In a report titled “Everyone Must Confess: Abuses against Children Suspected of IS Affiliation in Iraq”, HRW said that prosecutions were seldom based on real evidence and that many children were subjected to torture in forced confessions, reported Efe news.
“Children accused of affiliation with ISIS (another acronym for the IS) are being detained, and often tortured and prosecuted, regardless of their actual level of involvement with the group,” children’s rights advocacy director for HRW, Jo Becker, said.
“This sweeping, punitive approach is not justice, and will create lifelong negative consequences for many of these children,” Becker added.
HRW said that international law treats children recruited by armed groups as victims in need of help and not as criminals.
“Children involved in armed conflicts are entitled to rehabilitation and reintegration, not torture and prison,” Becker said.
According to the Iraqi government, at least 185 foreign children have been charged with terror offences and sentenced to prison, while approximately 1,500 were being held.

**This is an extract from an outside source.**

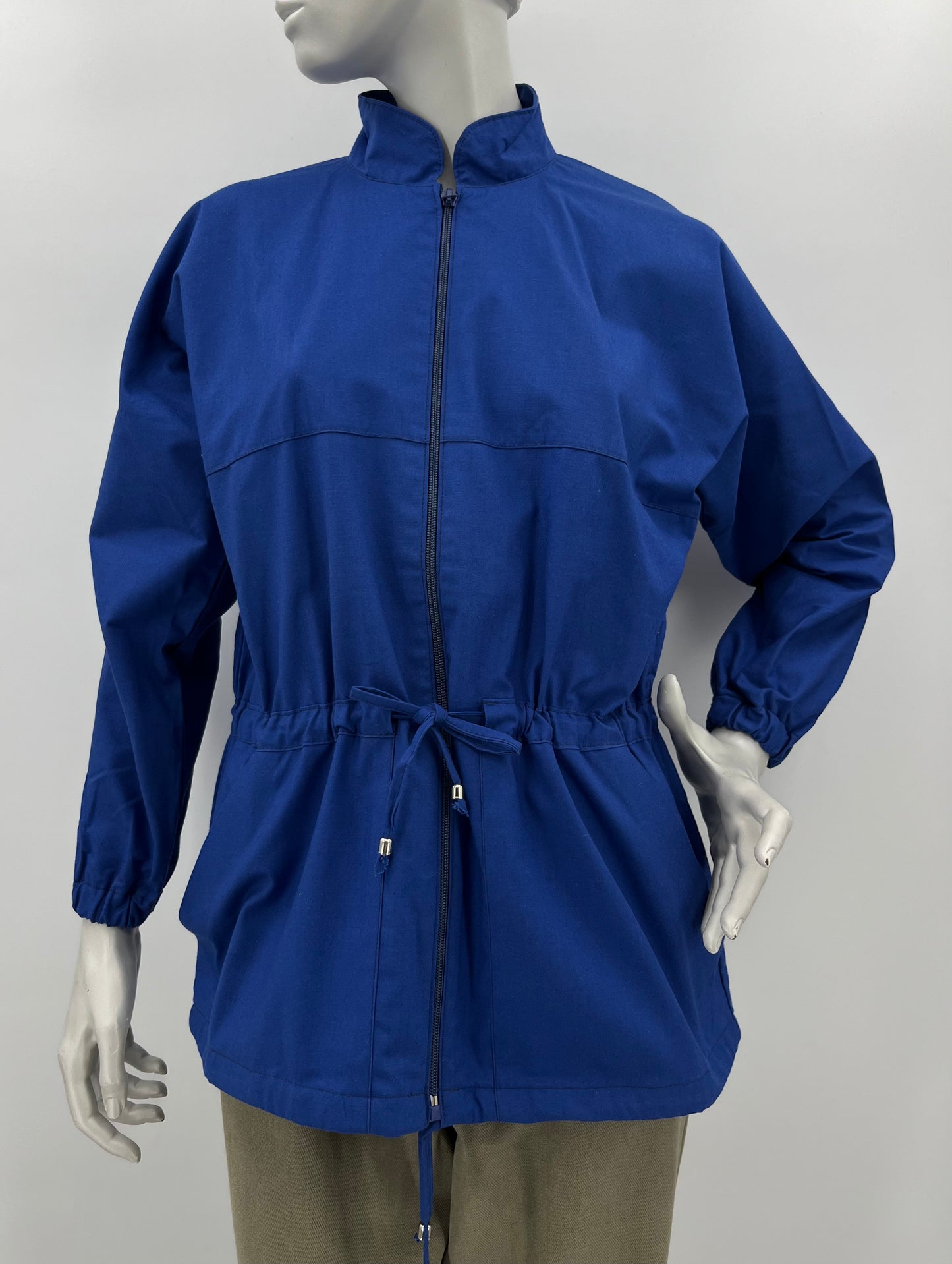 Kestovaate, ohut käyttämätön takki, sininen, 80-luku, koko 36(38)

The report also discussed the extent of psychological damage those children have been suffering, many of whom fear returning home as they think they might face revenge attacks for their alleged association with the Islamic State.
Children detained by the regional authorities said they feared re-arrest by federal forces if they return to territory controlled by Baghdad, the report said.
“Iraq and the KRG’s (Kurdistan Regional Government) harsh treatment of children looks more like blind vengeance than justice for ISIS crimes,” Becker explained.
HRW interviewed 29 teenagers who were previously detained, and quoted a 17-year-old boy who claimed they were tortured, saying: “You need to say you were with ISIS. Even if you were not, you need to say it.”
Another said that he was told he would receive further torture if he revoked his “forced” confession.
The human rights NGO called on the country’s authorities to modify its anti-terrorism laws “to end the detention and prosecution of children solely for ISIS membership, recognizing that international law prohibits the recruitment of children into armed groups”.
It urged them to “release all children who have not committed other crimes and ensure their rehabilitation and reintegration.”
In December 2017, Iraq’s former Prime Minister Haider al-Abadi announced the liberation of the last remaining Iraqi region under IS control located near the border with Syria.